One of the great successes of the Marvel Cinematic Universe is that each film attempts to be something unique, and Black Panther won’t be an exception to the rule. In a new conversation, co-writer and director Ryan Coogler says that the “cultural aspects” are what helps to set Black Panther apart from other films in the MCU.
Being set in the fictional country of Wakanda, we knew that Black Panther would follow in the footsteps of its predecessors by taking us into unexplored territory of the MCU. Now, however, we have more details about exactly how different this world will be, even when compared to other exceptionally fantastical settings in the MCU (be it Asgard or any of the many planets featured in the Guardians of the Galaxy movies).

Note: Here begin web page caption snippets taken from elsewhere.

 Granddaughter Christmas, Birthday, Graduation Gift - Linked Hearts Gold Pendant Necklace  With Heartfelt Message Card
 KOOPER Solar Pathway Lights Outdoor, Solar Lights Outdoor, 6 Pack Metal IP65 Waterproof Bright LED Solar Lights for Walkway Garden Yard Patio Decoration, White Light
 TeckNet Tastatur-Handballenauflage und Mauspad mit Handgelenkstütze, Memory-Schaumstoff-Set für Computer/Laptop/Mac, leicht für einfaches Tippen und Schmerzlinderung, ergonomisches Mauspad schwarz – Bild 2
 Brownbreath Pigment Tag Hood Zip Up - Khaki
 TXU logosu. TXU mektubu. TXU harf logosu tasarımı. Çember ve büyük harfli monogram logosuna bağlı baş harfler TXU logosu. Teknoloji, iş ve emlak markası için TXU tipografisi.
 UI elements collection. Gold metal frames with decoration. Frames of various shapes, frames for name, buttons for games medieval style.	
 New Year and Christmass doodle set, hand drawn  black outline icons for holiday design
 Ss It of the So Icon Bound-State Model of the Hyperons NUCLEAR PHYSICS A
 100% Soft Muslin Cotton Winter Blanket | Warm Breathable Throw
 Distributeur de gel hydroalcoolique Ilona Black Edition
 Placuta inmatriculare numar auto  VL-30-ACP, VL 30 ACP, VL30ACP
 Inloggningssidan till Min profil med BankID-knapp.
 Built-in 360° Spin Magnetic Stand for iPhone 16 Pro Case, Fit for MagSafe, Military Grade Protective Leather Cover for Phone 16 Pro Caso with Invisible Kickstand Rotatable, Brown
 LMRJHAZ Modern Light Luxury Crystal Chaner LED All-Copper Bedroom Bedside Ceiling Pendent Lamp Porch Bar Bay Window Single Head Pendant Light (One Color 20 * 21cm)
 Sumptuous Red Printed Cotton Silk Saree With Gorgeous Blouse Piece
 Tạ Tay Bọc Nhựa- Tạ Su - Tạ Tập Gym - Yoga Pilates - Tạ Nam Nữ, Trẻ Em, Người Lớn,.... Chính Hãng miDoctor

Coogler says that having a film about an African king is new for the MCU, but also something different for movies in general, since there are very few films where the central character is the monarch of an African nation. There is, however, no shortage of movies about kings and royalty, so that aspect of the film isn’t unique to Hollywood or even to the MCU, which has Thor. Coogler acknowledged that similarity when he spoke with Comic Book at San Diego Comic-Con, but claimed that the film’s “weird combinations” makes it different from Thor:
“I would say cultural aspects is a big thing. Obviously, T’Challa is an African king and there haven’t really been many movies made about that at all in any genre. When you look at the movies in the Marvel universe automatically, off the bat, that’s going to make that very different… We’re dealing with a guy who’s royal, like Thor, but he’s from Earth, which changes things. It gives it context and grounds it in a way. Even though we’re doing a lot of fantastical elements, fantastical technology, it still kind of grounds it in a way that’s very unique. So you have these things that are working at opposite ends.
Coogler also says that some of the film’s fantastical elements are “worn on the surface,” which suggests that they will be accepted aspects of Wakandan culture that won’t need much explaining in Black Panther, in order to feel at home in the larger MCU.
The world that was created in Iron Man expanded into something bigger when Thor introduced “gods” and the Nine Realms. Guardians of the Galaxy took us into space, and Ant-Man showed us what the world looks like from the point of view of a man the size of an ant. Doctor Strange and Captain America: The First Avenger have also had unique settings that let viewers see new sides of the MCU. Considering what these films have managed to accomplish in helping to mold the MCU into a place that’s both grand and unique, the expectations for Black Panther are naturally quite high.